--- START ---

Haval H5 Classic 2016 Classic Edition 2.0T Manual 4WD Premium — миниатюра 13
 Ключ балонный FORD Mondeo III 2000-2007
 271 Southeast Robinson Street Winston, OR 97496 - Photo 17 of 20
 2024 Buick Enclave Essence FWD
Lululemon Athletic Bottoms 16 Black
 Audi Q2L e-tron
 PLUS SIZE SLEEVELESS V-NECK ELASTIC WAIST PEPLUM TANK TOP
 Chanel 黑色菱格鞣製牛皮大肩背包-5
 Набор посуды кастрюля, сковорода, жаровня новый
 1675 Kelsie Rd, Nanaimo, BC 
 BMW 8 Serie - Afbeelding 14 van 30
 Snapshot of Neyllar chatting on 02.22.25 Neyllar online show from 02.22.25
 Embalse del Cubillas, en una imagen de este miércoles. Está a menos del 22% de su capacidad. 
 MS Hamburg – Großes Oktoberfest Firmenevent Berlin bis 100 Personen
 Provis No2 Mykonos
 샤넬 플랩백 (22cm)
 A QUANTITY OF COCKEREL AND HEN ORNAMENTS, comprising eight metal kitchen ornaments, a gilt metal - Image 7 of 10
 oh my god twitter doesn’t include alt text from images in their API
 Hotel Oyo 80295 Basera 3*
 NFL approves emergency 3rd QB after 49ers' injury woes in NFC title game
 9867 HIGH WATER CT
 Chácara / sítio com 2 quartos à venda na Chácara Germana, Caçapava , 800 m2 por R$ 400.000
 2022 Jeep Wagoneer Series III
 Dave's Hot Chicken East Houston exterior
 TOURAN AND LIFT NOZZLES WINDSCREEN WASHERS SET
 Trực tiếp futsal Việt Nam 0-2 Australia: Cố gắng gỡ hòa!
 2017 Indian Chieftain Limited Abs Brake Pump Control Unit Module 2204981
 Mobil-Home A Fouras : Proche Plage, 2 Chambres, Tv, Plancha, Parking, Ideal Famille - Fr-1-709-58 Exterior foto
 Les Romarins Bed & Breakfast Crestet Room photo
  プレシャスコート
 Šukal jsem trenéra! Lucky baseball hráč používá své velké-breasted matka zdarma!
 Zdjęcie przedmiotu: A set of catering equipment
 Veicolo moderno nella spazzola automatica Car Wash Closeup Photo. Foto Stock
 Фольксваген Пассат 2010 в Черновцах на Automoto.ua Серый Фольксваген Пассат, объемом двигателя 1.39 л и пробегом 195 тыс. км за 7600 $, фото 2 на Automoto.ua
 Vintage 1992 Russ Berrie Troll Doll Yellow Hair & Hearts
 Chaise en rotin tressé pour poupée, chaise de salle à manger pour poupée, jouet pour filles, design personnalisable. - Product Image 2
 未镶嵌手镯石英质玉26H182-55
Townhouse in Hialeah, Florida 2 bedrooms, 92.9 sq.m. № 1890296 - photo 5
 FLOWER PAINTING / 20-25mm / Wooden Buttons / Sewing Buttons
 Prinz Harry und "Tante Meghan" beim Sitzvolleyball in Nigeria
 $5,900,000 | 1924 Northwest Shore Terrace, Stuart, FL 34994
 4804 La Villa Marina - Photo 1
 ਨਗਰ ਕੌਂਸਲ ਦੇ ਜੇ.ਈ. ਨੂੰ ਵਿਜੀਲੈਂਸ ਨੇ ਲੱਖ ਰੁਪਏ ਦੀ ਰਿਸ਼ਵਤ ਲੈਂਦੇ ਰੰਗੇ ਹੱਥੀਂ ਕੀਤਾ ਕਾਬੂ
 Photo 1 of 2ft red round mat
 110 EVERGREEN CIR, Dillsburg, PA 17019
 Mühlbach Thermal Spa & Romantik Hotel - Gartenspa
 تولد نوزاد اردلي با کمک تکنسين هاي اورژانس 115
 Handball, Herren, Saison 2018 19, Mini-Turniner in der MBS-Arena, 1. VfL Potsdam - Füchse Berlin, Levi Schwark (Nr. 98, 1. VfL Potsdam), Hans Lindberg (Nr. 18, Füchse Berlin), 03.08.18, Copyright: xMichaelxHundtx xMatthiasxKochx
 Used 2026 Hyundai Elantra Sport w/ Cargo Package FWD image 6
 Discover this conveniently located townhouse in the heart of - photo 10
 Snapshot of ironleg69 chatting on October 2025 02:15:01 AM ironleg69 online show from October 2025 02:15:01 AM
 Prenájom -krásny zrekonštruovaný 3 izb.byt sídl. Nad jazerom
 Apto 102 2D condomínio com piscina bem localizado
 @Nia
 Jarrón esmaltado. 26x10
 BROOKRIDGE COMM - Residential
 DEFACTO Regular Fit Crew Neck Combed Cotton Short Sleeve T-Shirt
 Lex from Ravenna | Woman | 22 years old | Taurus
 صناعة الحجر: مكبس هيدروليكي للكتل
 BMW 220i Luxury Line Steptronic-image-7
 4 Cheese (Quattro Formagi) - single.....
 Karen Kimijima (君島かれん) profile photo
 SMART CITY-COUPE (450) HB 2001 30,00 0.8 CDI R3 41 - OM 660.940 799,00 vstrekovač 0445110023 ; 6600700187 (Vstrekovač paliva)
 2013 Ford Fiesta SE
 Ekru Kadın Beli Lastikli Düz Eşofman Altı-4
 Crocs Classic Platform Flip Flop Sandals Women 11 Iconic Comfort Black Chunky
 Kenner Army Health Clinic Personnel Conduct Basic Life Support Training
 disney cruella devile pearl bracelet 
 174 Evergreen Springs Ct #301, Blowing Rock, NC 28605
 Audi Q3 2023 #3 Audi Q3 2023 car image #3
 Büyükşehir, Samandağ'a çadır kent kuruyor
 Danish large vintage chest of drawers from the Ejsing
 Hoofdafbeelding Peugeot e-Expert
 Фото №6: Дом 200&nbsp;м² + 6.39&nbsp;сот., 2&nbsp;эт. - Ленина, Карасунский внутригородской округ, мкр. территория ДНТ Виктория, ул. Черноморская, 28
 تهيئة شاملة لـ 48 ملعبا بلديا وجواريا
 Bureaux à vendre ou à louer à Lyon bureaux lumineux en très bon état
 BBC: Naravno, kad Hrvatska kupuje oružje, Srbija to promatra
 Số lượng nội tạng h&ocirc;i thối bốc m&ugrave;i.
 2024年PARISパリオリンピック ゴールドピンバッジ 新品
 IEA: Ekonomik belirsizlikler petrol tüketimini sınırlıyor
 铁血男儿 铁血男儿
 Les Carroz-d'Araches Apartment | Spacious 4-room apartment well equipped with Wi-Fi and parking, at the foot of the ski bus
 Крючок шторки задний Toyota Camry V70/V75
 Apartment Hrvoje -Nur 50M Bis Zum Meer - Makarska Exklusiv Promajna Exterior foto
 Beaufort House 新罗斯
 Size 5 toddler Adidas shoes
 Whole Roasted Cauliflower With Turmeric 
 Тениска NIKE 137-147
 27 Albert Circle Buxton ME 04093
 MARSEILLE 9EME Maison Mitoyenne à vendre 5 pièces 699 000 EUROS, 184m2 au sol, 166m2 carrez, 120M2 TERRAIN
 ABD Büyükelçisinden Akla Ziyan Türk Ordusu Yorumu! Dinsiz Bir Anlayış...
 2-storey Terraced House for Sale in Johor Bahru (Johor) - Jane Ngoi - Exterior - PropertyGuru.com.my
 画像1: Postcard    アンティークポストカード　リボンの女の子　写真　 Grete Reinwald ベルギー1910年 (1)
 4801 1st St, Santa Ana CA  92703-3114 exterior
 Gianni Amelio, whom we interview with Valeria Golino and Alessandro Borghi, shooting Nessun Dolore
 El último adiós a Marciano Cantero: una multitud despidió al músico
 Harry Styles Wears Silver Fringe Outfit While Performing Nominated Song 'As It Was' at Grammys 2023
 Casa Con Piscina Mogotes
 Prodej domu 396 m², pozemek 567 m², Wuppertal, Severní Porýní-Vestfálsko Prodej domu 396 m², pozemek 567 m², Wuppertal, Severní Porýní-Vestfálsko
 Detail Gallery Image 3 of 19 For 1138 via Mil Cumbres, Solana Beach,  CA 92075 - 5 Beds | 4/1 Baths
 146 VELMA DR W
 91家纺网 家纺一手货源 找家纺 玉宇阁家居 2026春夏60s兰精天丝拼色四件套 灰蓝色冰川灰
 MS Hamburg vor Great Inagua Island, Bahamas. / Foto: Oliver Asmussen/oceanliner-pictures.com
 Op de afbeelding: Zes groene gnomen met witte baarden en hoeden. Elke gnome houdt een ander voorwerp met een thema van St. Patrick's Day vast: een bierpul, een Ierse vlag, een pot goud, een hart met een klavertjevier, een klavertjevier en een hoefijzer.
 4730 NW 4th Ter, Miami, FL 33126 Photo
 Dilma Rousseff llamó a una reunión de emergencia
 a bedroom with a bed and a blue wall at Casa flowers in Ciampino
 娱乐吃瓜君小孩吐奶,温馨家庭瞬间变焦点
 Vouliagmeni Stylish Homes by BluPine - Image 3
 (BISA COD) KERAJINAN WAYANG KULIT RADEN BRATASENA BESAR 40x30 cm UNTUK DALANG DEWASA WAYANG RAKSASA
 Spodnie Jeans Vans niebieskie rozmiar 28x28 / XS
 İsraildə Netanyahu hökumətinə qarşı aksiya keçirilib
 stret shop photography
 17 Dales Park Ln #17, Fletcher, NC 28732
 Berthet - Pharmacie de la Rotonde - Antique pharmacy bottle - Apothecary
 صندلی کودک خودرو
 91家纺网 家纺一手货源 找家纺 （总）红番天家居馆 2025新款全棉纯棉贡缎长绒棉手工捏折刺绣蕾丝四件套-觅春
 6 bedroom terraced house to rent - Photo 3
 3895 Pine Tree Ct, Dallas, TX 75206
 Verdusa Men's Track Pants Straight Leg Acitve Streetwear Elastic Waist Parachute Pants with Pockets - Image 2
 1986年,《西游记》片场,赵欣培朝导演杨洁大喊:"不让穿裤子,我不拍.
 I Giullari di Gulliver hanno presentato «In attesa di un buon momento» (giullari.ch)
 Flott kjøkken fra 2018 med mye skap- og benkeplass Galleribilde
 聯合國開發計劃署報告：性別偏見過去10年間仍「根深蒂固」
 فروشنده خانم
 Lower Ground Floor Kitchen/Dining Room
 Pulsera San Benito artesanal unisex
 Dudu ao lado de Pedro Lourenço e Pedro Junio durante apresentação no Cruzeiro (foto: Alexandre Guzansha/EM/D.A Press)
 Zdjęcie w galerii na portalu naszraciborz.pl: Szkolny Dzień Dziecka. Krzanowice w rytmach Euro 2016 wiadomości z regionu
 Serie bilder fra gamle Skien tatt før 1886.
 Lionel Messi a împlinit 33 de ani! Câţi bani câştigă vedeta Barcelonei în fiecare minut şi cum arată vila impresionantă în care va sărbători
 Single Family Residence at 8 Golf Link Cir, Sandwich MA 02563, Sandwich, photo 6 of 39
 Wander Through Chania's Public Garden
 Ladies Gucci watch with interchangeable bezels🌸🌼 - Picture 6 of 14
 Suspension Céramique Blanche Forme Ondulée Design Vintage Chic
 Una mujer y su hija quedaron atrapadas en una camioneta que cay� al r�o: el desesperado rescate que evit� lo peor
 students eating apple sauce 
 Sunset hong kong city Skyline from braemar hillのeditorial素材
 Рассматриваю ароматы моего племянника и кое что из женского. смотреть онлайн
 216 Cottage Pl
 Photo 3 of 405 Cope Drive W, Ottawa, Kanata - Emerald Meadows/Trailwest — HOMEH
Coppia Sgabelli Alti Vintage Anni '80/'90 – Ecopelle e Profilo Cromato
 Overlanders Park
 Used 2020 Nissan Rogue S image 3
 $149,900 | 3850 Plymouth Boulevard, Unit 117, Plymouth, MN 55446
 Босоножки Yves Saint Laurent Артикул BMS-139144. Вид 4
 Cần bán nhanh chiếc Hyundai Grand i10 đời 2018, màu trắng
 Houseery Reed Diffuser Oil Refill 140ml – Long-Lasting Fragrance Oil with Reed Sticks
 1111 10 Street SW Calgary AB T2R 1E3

--- END ---

Among the records, how many lines include the string "Zdjęcie"? State the number and add nothing.

▶ **Final answer**:
2